February 7, 2008 9:07:35 PM PST
As the snow gets removed from streets across the Chicago area, more and more potholes are being discovered and some are damaging cars. Most of the potholes are filled with water so drivers can not tell how deep they are, which is creating serious problems and delays for motorists around the city.

Want to know how bad that pothole is up ahead? All you need to do is look at the side of the road. On many streets there is a graveyard of car parts killed by those pesky potholes.

"It's a bit of a gauntlet out there, I think you inevitably hit one or two if you try to get anywhere," said Kirsten Sisk, motorist.

These days that "thud" sound is as good as gold for auto repair shops. Their floors are littered with the by-products of a brutal winter.

"If you continue to ride on your wheel, what happens is, you bend it causing further damage to the wheel," said Melanie Ahern, Cassidy Tire.

On the north end of Lake Shore Drive, potholes are popping up like chicken pox.

"We were just driving, hit a pothole, took out both of my right side tires," said Ryan Schile, driver of a small sports coupe.

Schile was several hours late to work Thursday. He was headed south on Lake Shore Drive near Belmont when he ran over a pothole.

Thursday morning, several cars had flat tires along Lake Shore Drive. Tow trucks quickly arrived and city crews were sent to the area to do some patch work. But as of 8:30 a.m., Schile and his friend - who are both air traffic controllers at Midway Airport - were still stranded.

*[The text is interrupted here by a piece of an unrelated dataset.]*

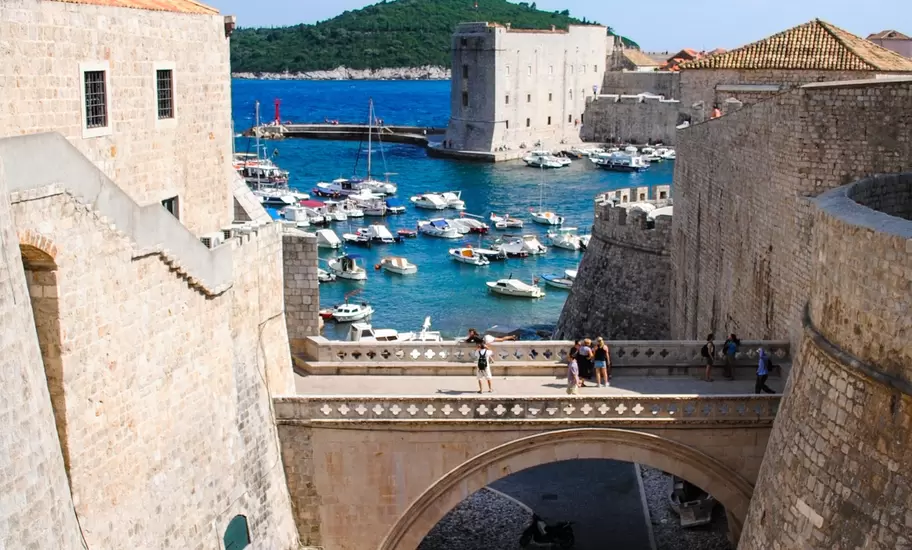 Tourists walk along Dubrovnik's ancient castle, Croatia.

"We have been here since about 6:30. Two tow trucks have come by, but they need a flatbed because both the tires are out," said Schile, who's looking at several hundred dollars' worth of tire damage..

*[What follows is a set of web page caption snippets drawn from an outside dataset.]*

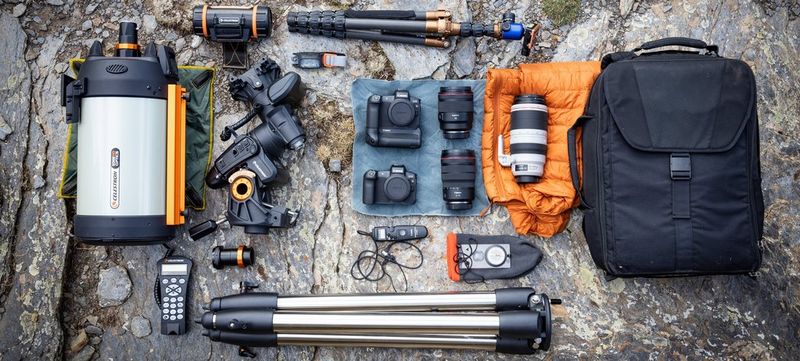 Fergus Kennedy's photography kit is laid out, including a Canon EOS Ra.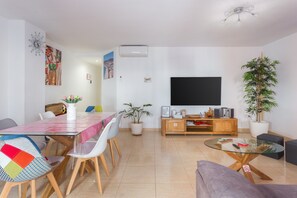 Uma sala de estar moderna com uma mesa de jantar, cadeiras, um sofá, televisão e plantas em vasos.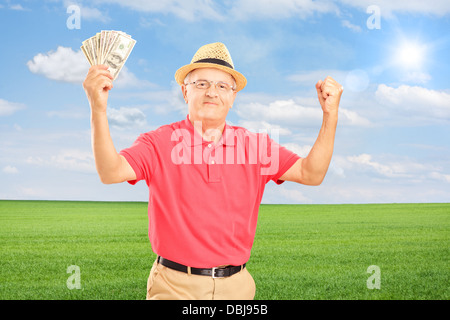 Happy senior man holding money banknotes and gesturing happiness on a field Stock Photo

As if the snow hasn't been bad enough lately, potholes are also slowing down motorists all over the Chicago area. In some cases, the potholes are causing serious damage to cars.

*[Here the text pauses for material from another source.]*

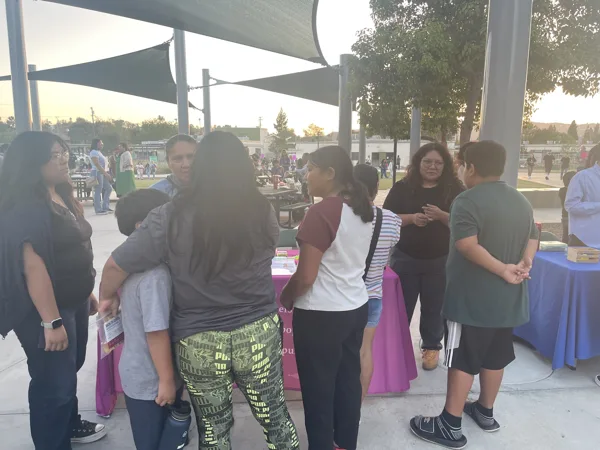 A group of adults and children gather around information tables under shade sails at an outdoor community event during evening hours.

The wintry weather is the reason for so many potholes this time of year.

"Under these really tough winter conditions, pavement can only take so much. With all the precipitation and certainly with the heavy volumes of traffic, that adds up, deteriorates the pavement surface, and that's when you see potholes," said Brian Steele, Chicago Dept. of Transportation.

The city has detailed maps of all the reported potholes around the city. There are thousands of them. Eighteen crews have been deployed to patch them up. It will take awhile to get to all the potholes. Usually, when a crew shows up to fill one, they will find another dozen close by.

"On an average winter day, if we don't have a lot of precipitation and the temperatures are cooperative, our crews can fill 2,000 to 3,000 potholes a day. Just two days ago when we had mild weather, our crews filled more than 3,500 potholes throughout the city," said Steele.

There are 3,800 miles of roads throughout Chicago, so it's going to be a while before crews get to all of them.

Chicago Mayor Richard Daley addressed the problem Thursday on Lake Shore Drive.

"We have to rebuild North Lake Shore Drive. That's been on the road, we're trying to get the state to agree to that," he said.

A torn-up tire can cost you upwards of 80 dollars apiece. You can file a claim to recover half-the cost of repairs from the city. In 2005, there were 730 claims made, and 89 percent were paid. In 2006, the number of claims more than doubled with the city paying on 93 percent of claims. But the winter weather will be long gone by the time you see any money. Reimbursements take four to six months.